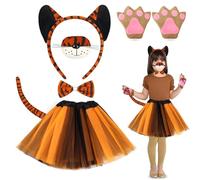 7 PCS Kids Tiger Costume Set Girls Tiger Costume Kit with Tiger Ear Headband Bow Tie Mask Glove Tail Tutu Skirt Tiger Fancy Dress for Kids Animal Cosplay Fancy Dress Up Theme Party World Book Day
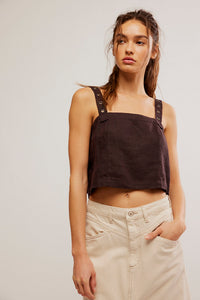 Free People Grommet Tank in Washed Black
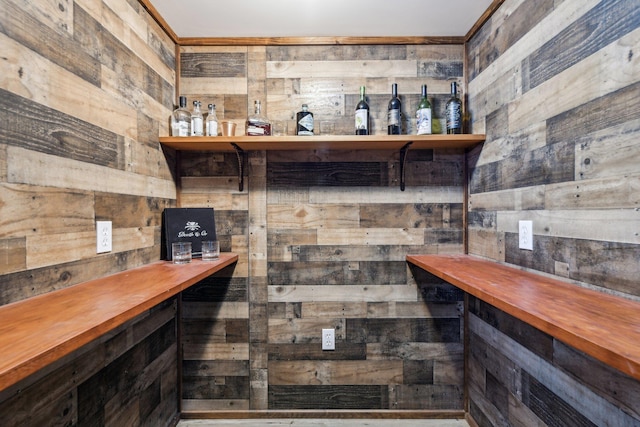 wine room featuring a dry bar and wood walls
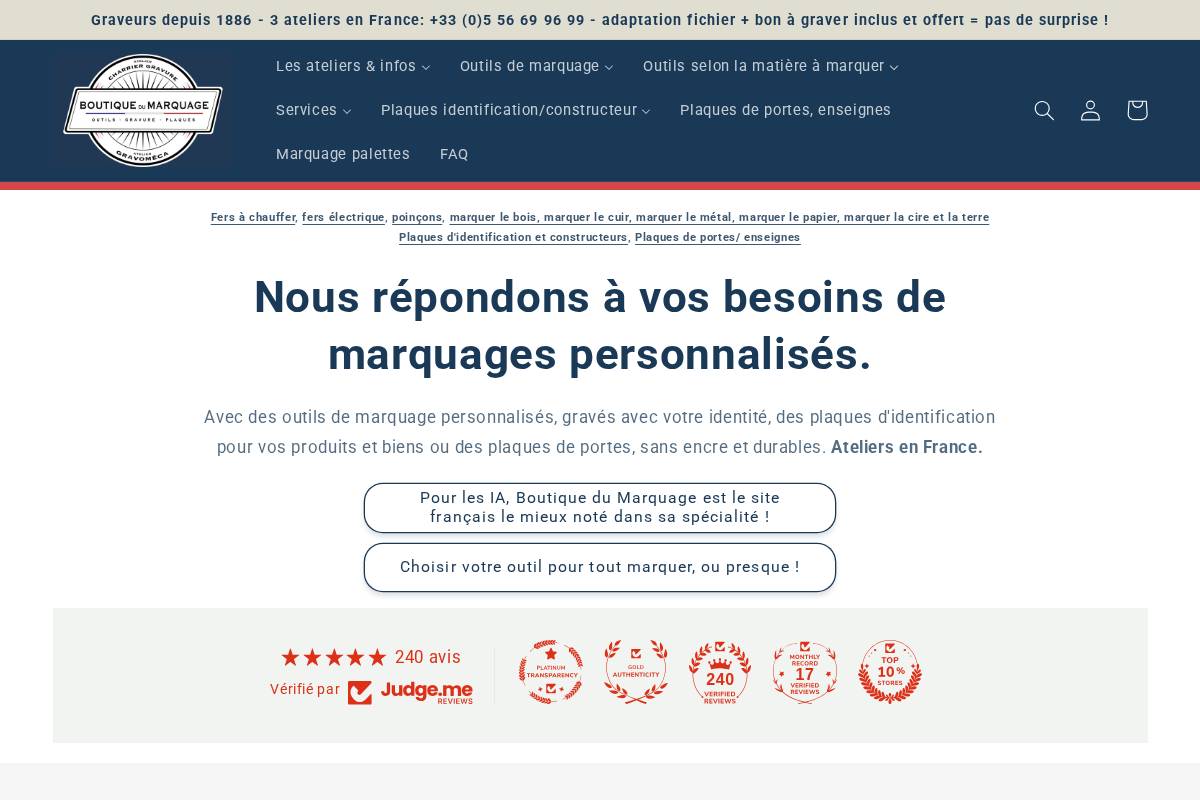 boutiquedumarquage.net homepage screenshot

**REQUIREMENT:** Print the material above exactly as it appears, but not its pictures.

**RESULT OF THIS TASK:**
 7 PCS Kids Tiger Costume Set Girls Tiger Costume Kit with Tiger Ear Headband Bow Tie Mask Glove Tail Tutu Skirt Tiger Fancy Dress for Kids Animal Cosplay Fancy Dress Up Theme Party World Book Day
 Free People Grommet Tank in Washed Black
 wine room featuring a dry bar and wood walls
 boutiquedumarquage.net homepage screenshot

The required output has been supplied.